Title: pent 4 vs. athlon 64?
Post by: NUTTZ on September 29, 2004, 09:39:49 PM
I want to upgrade

Whats the pro's and con's between a pent 4 (fastest CPU) 533 fsb?

or the new generation athlon 64's ( with fastest CPU)?

NUTTZ
Title: pent 4 vs. athlon 64?
Post by: FBScud on September 30, 2004, 05:21:27 AM
After hours and hours of research, I found that more folks believe the Athlon 64 processor with the Socket 939 motherboard is the preferred choice for gaming.  It is usually faster in benchmarks and with the native 64 bit capability, it will handle newer 64 bit applications when they start coming out.  

Don't get fooled by the clock speeds.  The P4 3.6 ghz intel chip or even the 3.4 ghz extreme chip would appear to be faster than an Athlon 64 3500+ or maybe even the FX-53.  But I believe there are architectural designs in the chips that enable the Athlon chips to task at higher rates, despite the listed speeds.

So...with all of that, I went searching for a good Athlon 64 based system.  I found that I could get a comparable P4 3.6 ghz system for around a $1000 less.  Since AH2 is the only game I run, I went with the less espensive P4 3.6 ghz system and hope it will run AH2 for several years.  I made sure the motherboard is the newer 925 intel chipset so here's hoping I can upgrade processors when that becomes an issue.
Title: pent 4 vs. athlon 64?
Post by: Schutt on September 30, 2004, 05:33:08 AM
Athlon runs at slower clock speed but better parallel execution which makes it faster/compareable to Intels.

I had the intention athlon64 system would come off cheaper overall than P4 system since you can run cheaper memory... what did you compare?

Forget about upgrading future processor and keeping the rest.
Mostly the future processor is either not significantly faster or wont fit to the current MB.
I know, everyone says newest chipset for upgrade possib., but upgrading to a slightly better processor wont give you a noteable performance boost, since ram, grafik, harddisk still run the same. And a much faster processor will need diffrent power, faster ram and faster interface to the grafik system.

ciao schutt
Title: pent 4 vs. athlon 64?
Post by: Kev367th on September 30, 2004, 01:25:45 PM
Athlons 64 execute more instructions per clock cycle, hence a seemingly 'slower' clock speed Athlon 64 outperforms a top of the range P4.

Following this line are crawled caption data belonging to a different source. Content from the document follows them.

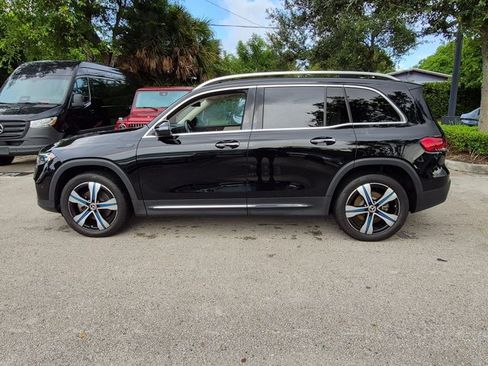 Certified 2023 Mercedes-Benz EQB 300 4MATIC w/ Pinnacle Package image 8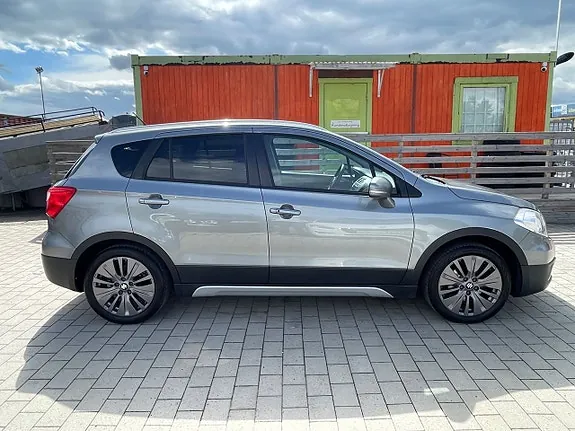 Suzuki S-Cross 2015 photo 4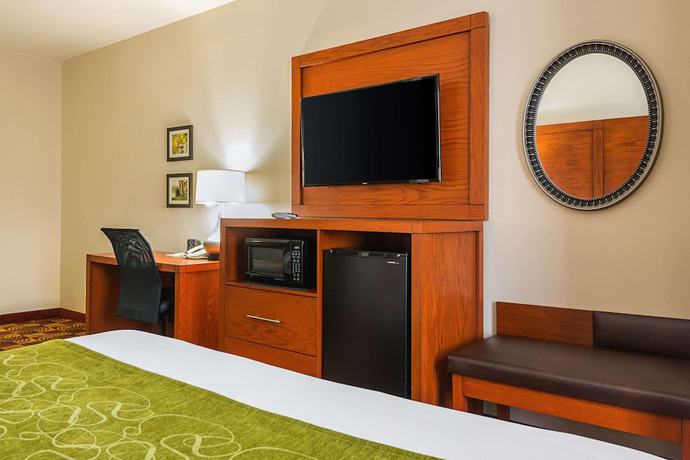 Imagen de la habitación del Hotel Comfort Suites Lake Charles. Foto 2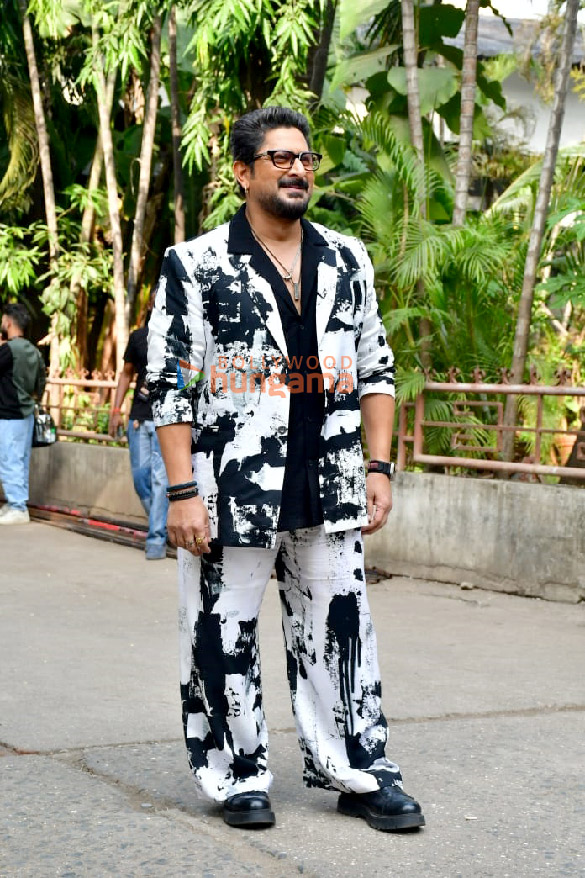 Photos: Arshad Warsi, Gauahar Khan and Meenakshi Seshadri snapped on the sets of Jhalak Dikhhla Jaa Photos: Arshad Warsi, Gauahar Khan and Meenakshi Seshadri snapped on the sets of Jhalak Dikhhla Jaa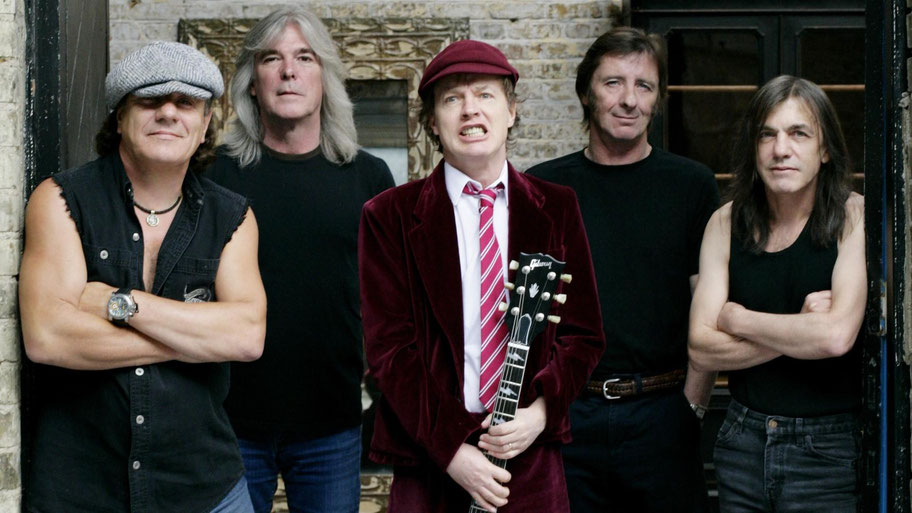 foto ac/dc con chitarra gibson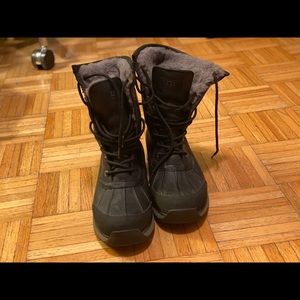 Ugg Adirondack III Snow Boot - Never Worn Outside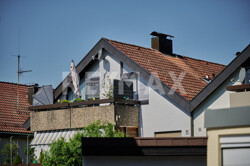 Außenansicht mit Balkon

Another major difference is the memory controller. All Pentiums have it on the motherboard, Athlon 64 have it as part of the CPU. Result, ridiculously low latencies and insane memory transfer speeds that a P4 can't get near.

All those thinking of PCI-Express, not even the latest Vid cards come close to saturating the current AGP/Hypertransport bus on an Athlon 64.
Title: pent 4 vs. athlon 64?
Post by: NUTTZ on September 30, 2004, 04:07:44 PM
Thanks, this new rig will be for doing Art, AH2 Terrains, and gaming.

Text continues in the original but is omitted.